Stored items:
- - -
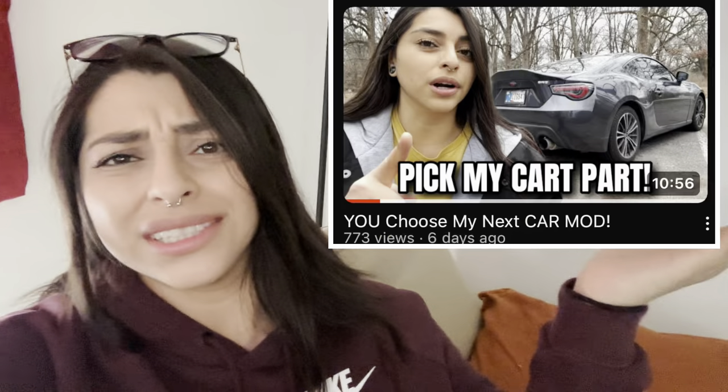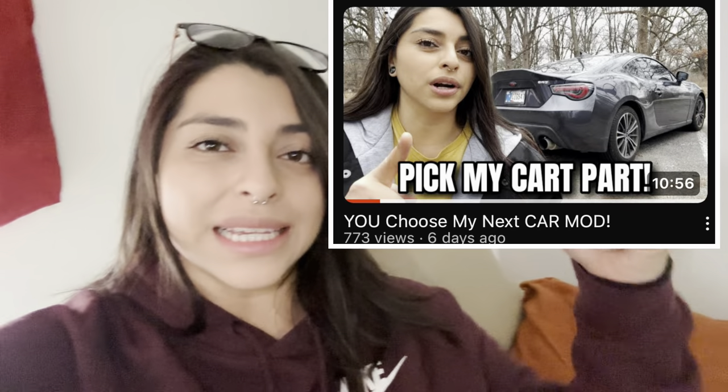Real quick guys, if you haven't seen my last video, go check that out. You choose my next car mod for the BRZ — I believe that's what I titled it. The link is down in the description below. It's exactly what it sounds like: I give you three options and you get to pick. Voting is over in about another week. Comment down below on that video which mod, or comment on one of the pictures of the BRZ on my Instagram, which is down below. Anyway, on to the video.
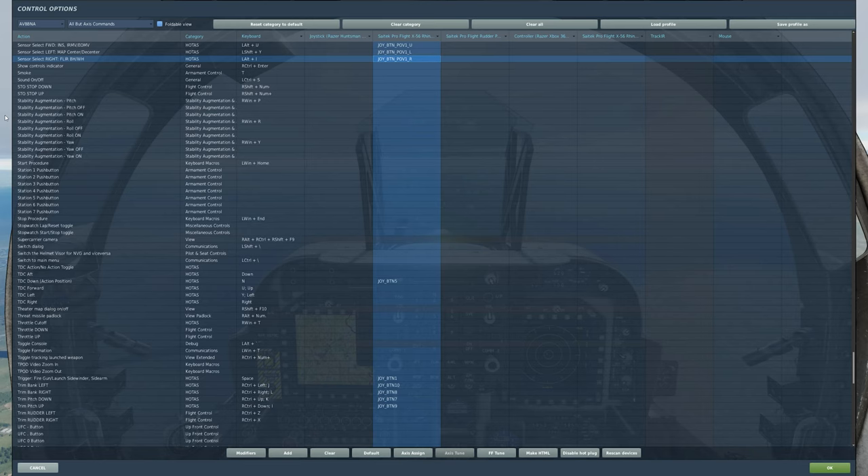Hi YouTube, Potato here. A great question that came up recently involved the Harrier and how to use Mavericks with just the dual mode tracker instead of the targeting pod attached.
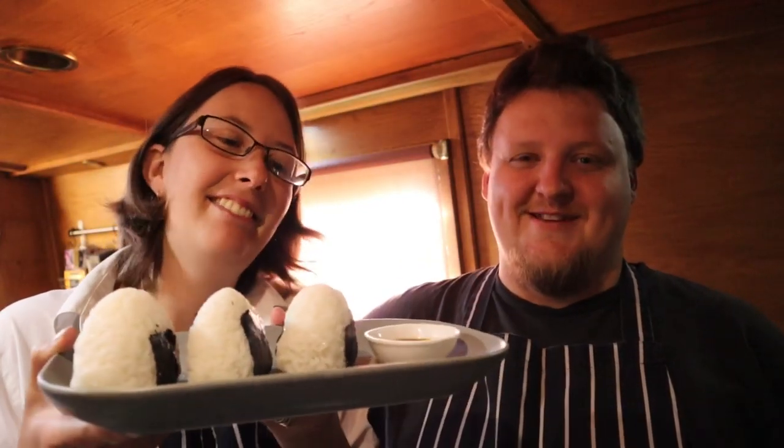We did not expect to get 4,000 subscribers in our first year — that's blown us away. So thanks, thank you very much. We're going to go and eat these. Don't forget to like and subscribe. We'll see you next time. Bye!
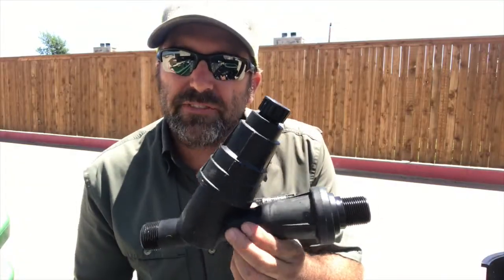Hey, Kelly Stacks here, American Irrigator, trying to make you a better irrigator. Today I'm going to show you a Y filter with a pressure regulator on it that we're going to install on one of our drip zones.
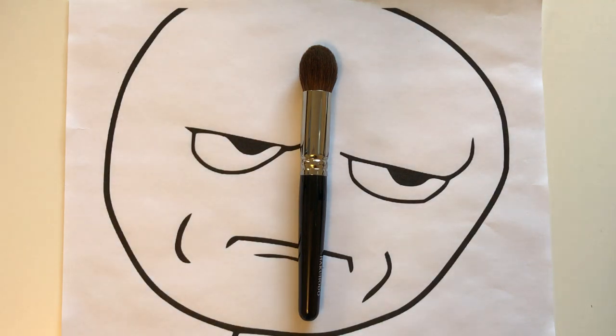Hi, foodie lovers! This is the Hakuhodo G5518. It's made out of Kazan squirrel, which is a type of squirrel hair named after the Kazan region in Russia. A paintbrush website also refers to Kazan squirrel as brown squirrel. I'm thinking this is the hair type they used in the discontinued Chikuhodo Kiwami set for the second largest powder brush.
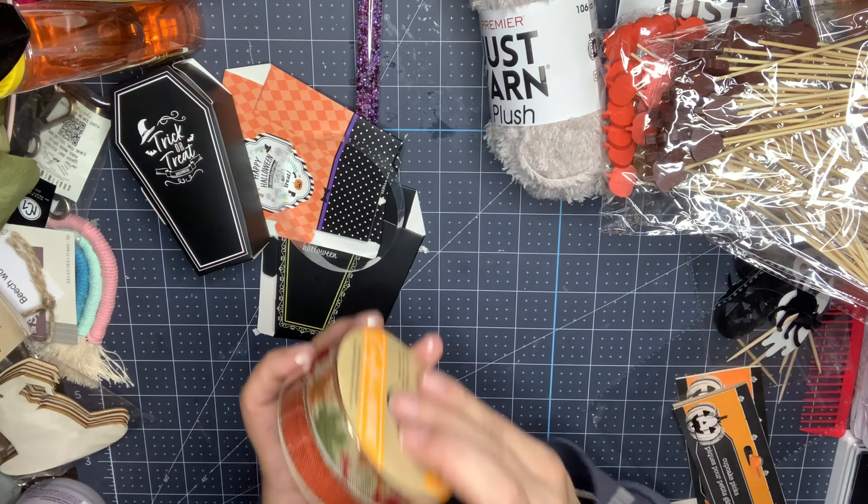I picked up these coffin boxes — they had a larger size too but I didn't grab those, although I think I'm going to go back. You get three in a pack and they come flat. The designs say things like 'Happy Halloween' and 'Trick or Treat.' I took one and put it together — how cute is that? It's about four and a half inches. The larger size didn't seem to have ones that looked like actual tombstones, but I could be wrong.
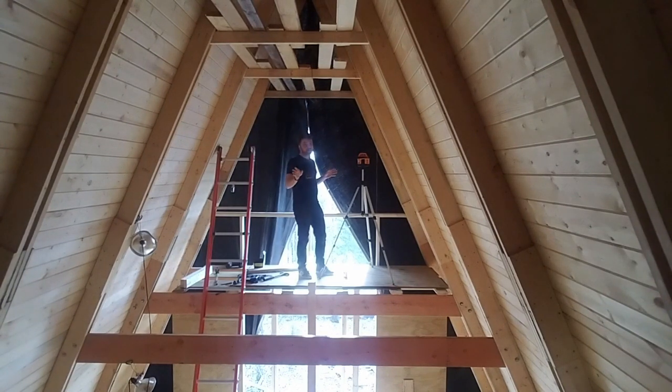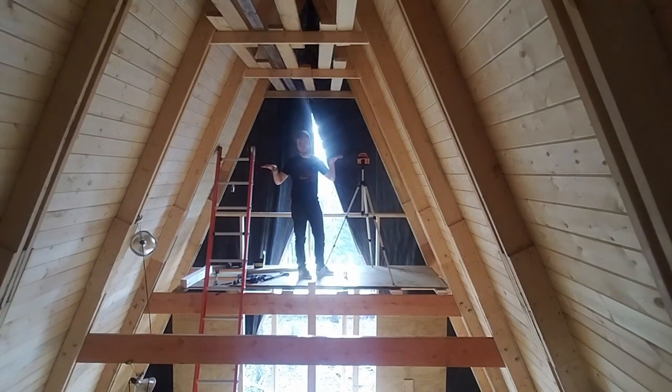Hot take number two though is that rotary lasers are fantastic. It's crazy how useful it is to just be able to throw a flat plane for all kinds of stuff. For laying out these beams I'm really happy with using the rotary laser for it.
- - -
• **What the exercise asks**: Set down the data exactly as it appears, without any images.

• **Result**:
Real quick guys, if you haven't seen my last video, go check that out. You choose my next car mod for the BRZ — I believe that's what I titled it. The link is down in the description below. It's exactly what it sounds like: I give you three options and you get to pick. Voting is over in about another week. Comment down below on that video which mod, or comment on one of the pictures of the BRZ on my Instagram, which is down below. Anyway, on to the video.
Hi YouTube, Potato here. A great question that came up recently involved the Harrier and how to use Mavericks with just the dual mode tracker instead of the targeting pod attached.
We did not expect to get 4,000 subscribers in our first year — that's blown us away. So thanks, thank you very much. We're going to go and eat these. Don't forget to like and subscribe. We'll see you next time. Bye!
Hey, Kelly Stacks here, American Irrigator, trying to make you a better irrigator. Today I'm going to show you a Y filter with a pressure regulator on it that we're going to install on one of our drip zones.
Hi, foodie lovers! This is the Hakuhodo G5518. It's made out of Kazan squirrel, which is a type of squirrel hair named after the Kazan region in Russia. A paintbrush website also refers to Kazan squirrel as brown squirrel. I'm thinking this is the hair type they used in the discontinued Chikuhodo Kiwami set for the second largest powder brush.
I picked up these coffin boxes — they had a larger size too but I didn't grab those, although I think I'm going to go back. You get three in a pack and they come flat. The designs say things like 'Happy Halloween' and 'Trick or Treat.' I took one and put it together — how cute is that? It's about four and a half inches. The larger size didn't seem to have ones that looked like actual tombstones, but I could be wrong.
Hot take number two though is that rotary lasers are fantastic. It's crazy how useful it is to just be able to throw a flat plane for all kinds of stuff. For laying out these beams I'm really happy with using the rotary laser for it.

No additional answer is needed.